If ``until_date`` is provided, defaults to '2019'.
The year refers to the start of the fiscal year range, e.g. if ``from_date`` = '2019' then the fiscal year is
'2019-2020'
until_date
Download only data until this year (YYYY format).
If ``from_date`` is provided, defaults to the current year.
The year refers to the start of the fiscal year range, e.g. if ``until_date`` = '2019' then the fiscal year is
'2019-2020'
Bulk download documentation
https://gpp.ppda.go.ug/public/open-data/ocds/ocds-datasets
"""
name = "uganda_releases"
# https://gpp.ppda.go.ug/public/open-data/ocds/ocds-datasets generates URLs with JavaScript. We increment
# the 'code' parameter until it 404s. As such, we can't disambiguate expected from unexpected 404s.

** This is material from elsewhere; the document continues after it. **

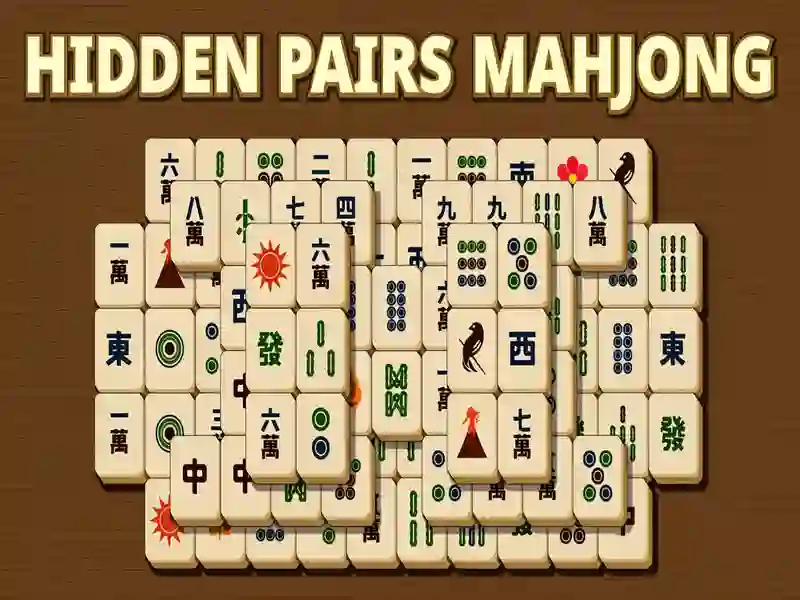 Spel Verborge pare Mahjong aanlyn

handle_httpstatus_list = [404]
# Returns HTTP 403 if too many requests. (1 is too short.)
download_delay = 2
# BaseSpider
date_format = "year"
default_from_date = "2019"
# SimpleSpider
data_type = "release_package"
# PeriodicSpider
pattern = "https://cdn.ppda.go.ug/api/open-data/v2/ocds/download?fy={0}-{1}&format=json&code=1"
formatter = staticmethod(parameters("fy", "code"))
# PeriodicSpider
def build_urls(self, date):
yield self.pattern.format(date, date + 1)
# SimpleSpider
def parse(self, response):
# 404 responses indicate we've reached the end of the 'code' sequence for this fiscal year.
if response.status == 404:
return
yield from super().parse(response)
yield self.build_request(
replace_parameters(response.request.url, code=int(get_parameter_value(response.request.url, "code")) + 1),
formatter=self.formatter,
)